Choć u nas rzeczywiście ciężko mówić o popularności budowli szkieletowych, w krajach skandynawskich, Kanadzie czy Stanach Zjednoczonych, tego typu konstrukcje często są podstawą budownictwa od setek lat. W Ameryce Północnej do dziś można znaleźć domy szkieletowe wybudowane w tej technologii, pochodzące z początków XIX wieku. Z kolei w Norwegii podziwiać można kilkadziesiąt średniowiecznych kościołów, wybudowanych w technologii szkieletowej z drewna sosnowego, a także niemal 300 domów mieszkalnych z przełomu XVI i XVII wieku.

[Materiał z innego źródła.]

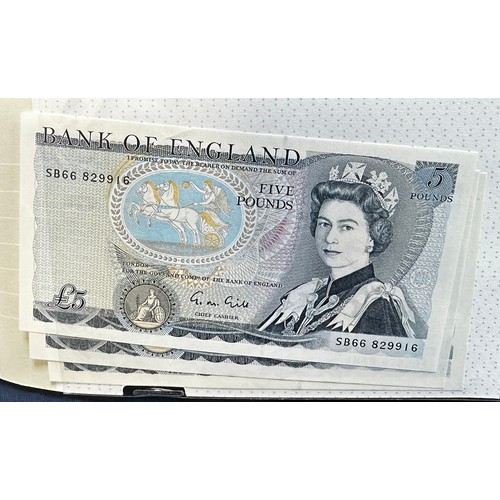 233 - GB Banknotes (34) with £50 Lowther J01, Salmon AC68, ranges of £20, £10, £5, £1, 10/- etc.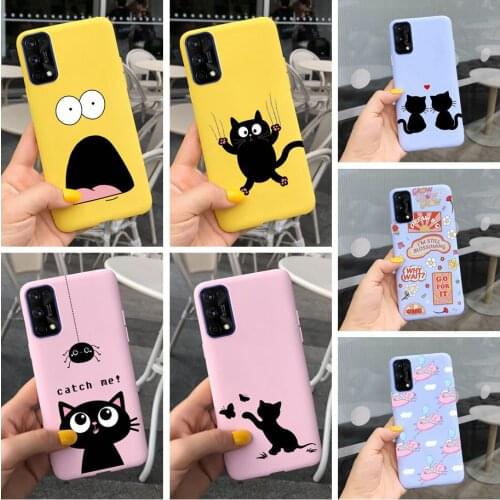 Phone Case For Oppo Realme 7 Pro Case Realme7 Soft Silicone TPU Back Cover For Realme 7 Pro 7Pro RMX2170 Case Cartoon Funda Capa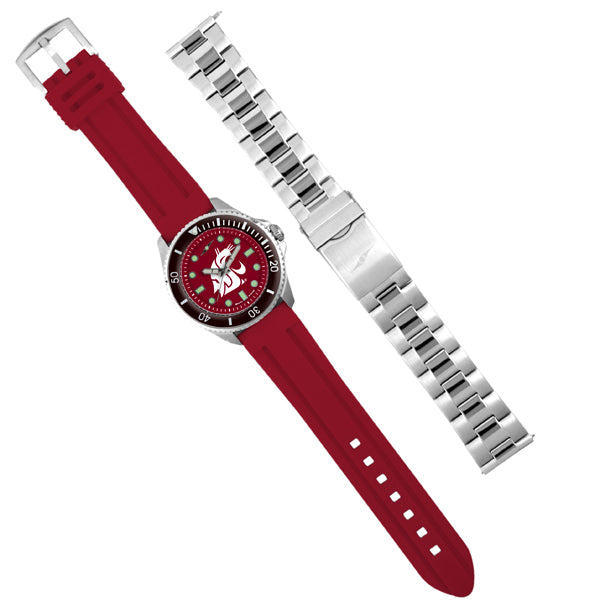 Washington State Cougars Men's Contender Watch Gift Set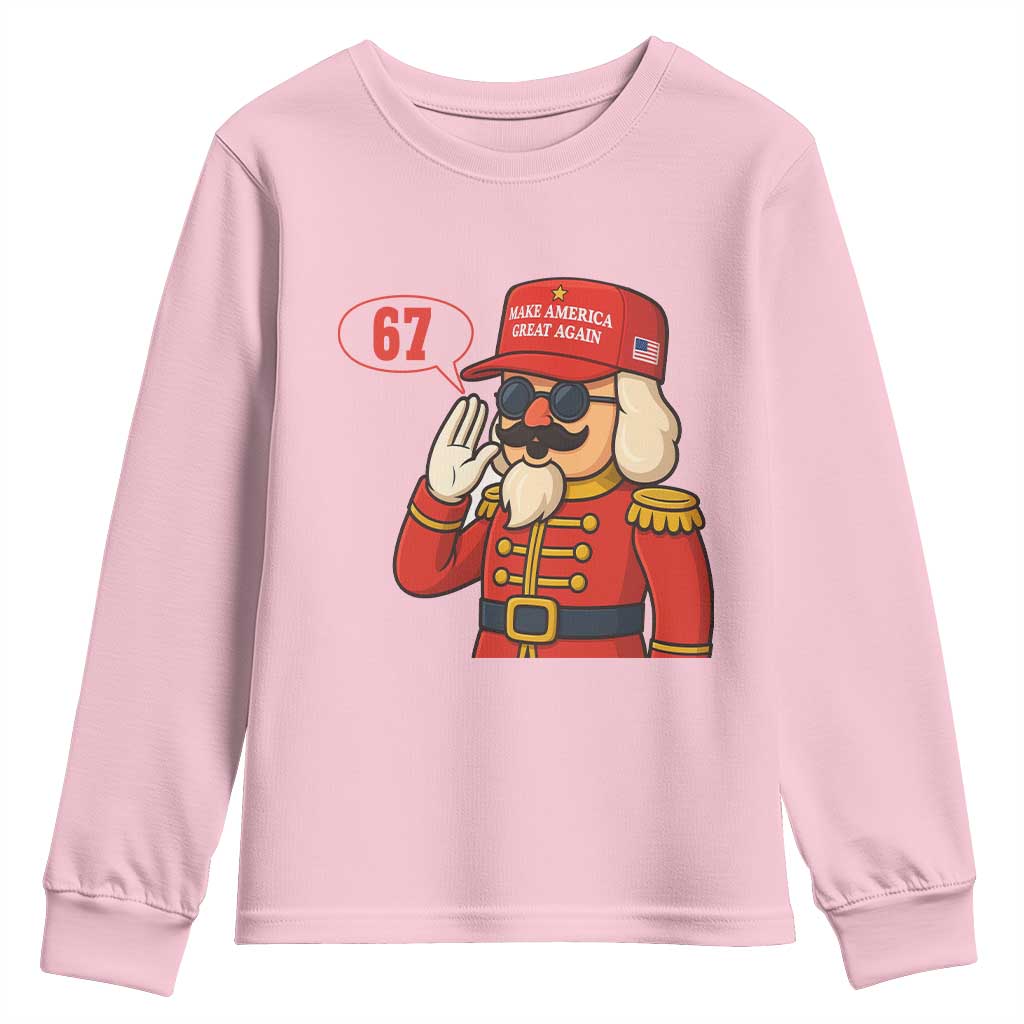 67 Six Seven Christmas Meme Youth Sweatshirt Funny Nutcracker Make Xmas Great Again - Wonder Print Shop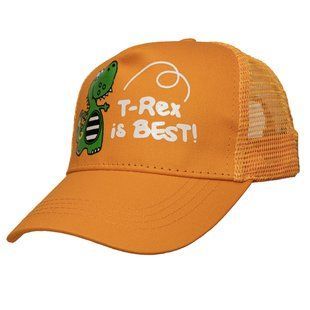 Кепка детская "T-Rex is Best", оранжевый, 48-54 см, 3-8 лет, хлопок (518912) 518912 фото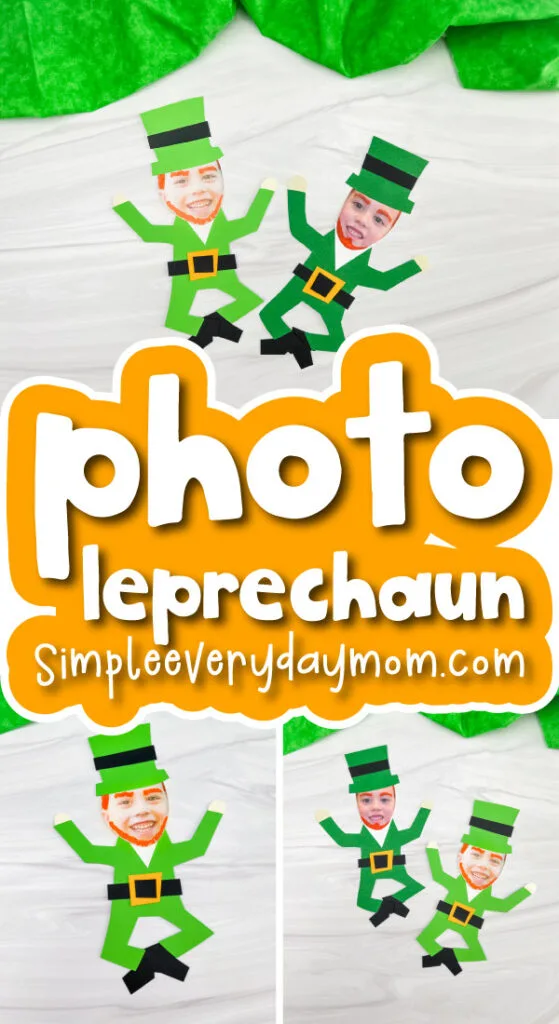 A silly photo leprechaun craft for kids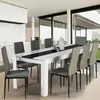 Image de Table Ã Manger Georgia 8 Personnes Blanche Et Noire 160 Cm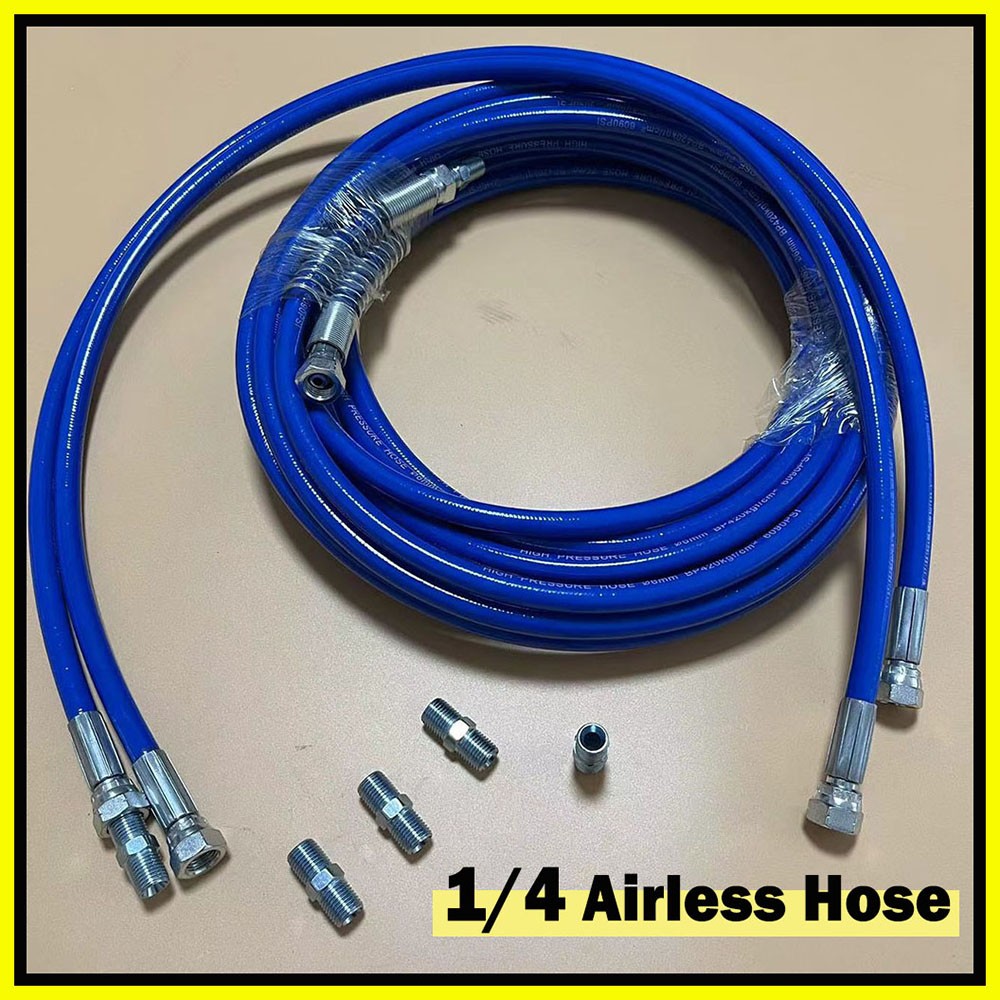 고압 호스 커넥터 1/4 "BSP 5800Psi 에어리스 페인트 분무기 예비 부품 페인트 분무기 호스 페인트 분무기 연결 파이프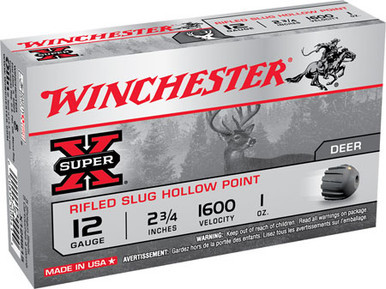 Winchester Super X 20 Gauge 3/4 oz Rifled Slug Shot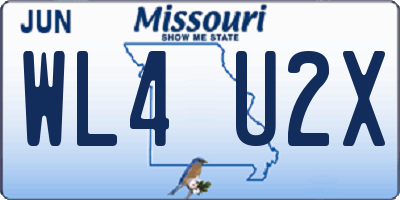 MO license plate WL4U2X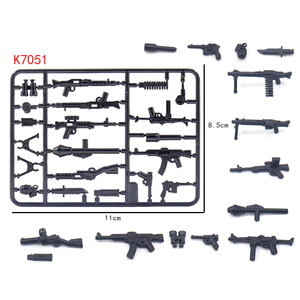 Mini pistola tedesca figura armi militari attrezzature militari giocattolo mattoncini Set accessori giocattoli accessori - Product Image 3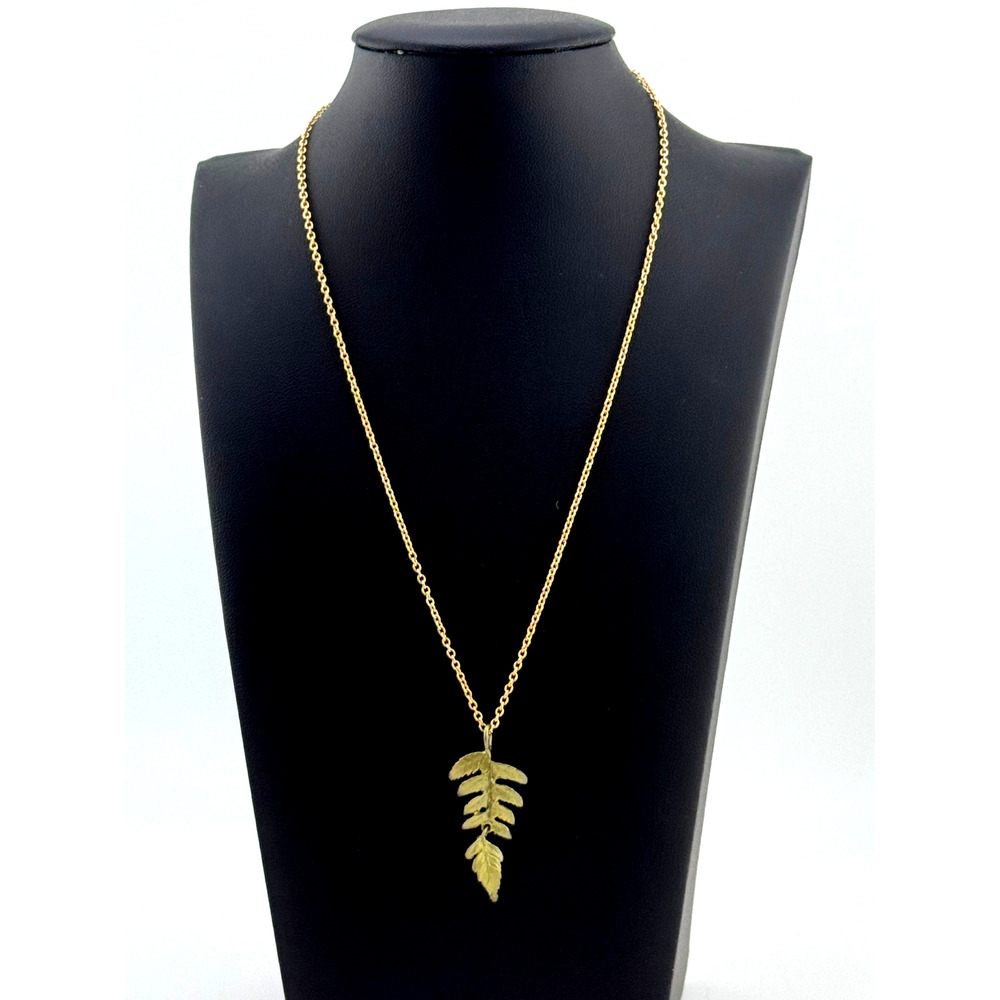 Michael Michaud Petite Fern Leaf Pendant Necklace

Prawdziwym przełomem w historii domów szkieletowych były jednak konstrukcje balonowe, zaprezentowane przez George’a Washingtona Snowa w XIX wieku przy budowie magazynu dla swojej firmy. Wymyślona przez niego technologia pozwoliła ograniczyć straty w materiale i znacznie skróciła czas budowy. Nazwa wzięła się z prześmiewczej opinii jednego z cieśli, który skrytykował pomysł, mówiąc, że konstrukcja odleci niczym balon przy pierwszym większym podmuchu wiatru. Tak się jednak nie stało, a „konstrukcja balonowa” okazała się prawdziwym sukcesem, który zrewolucjonizował budownictwo.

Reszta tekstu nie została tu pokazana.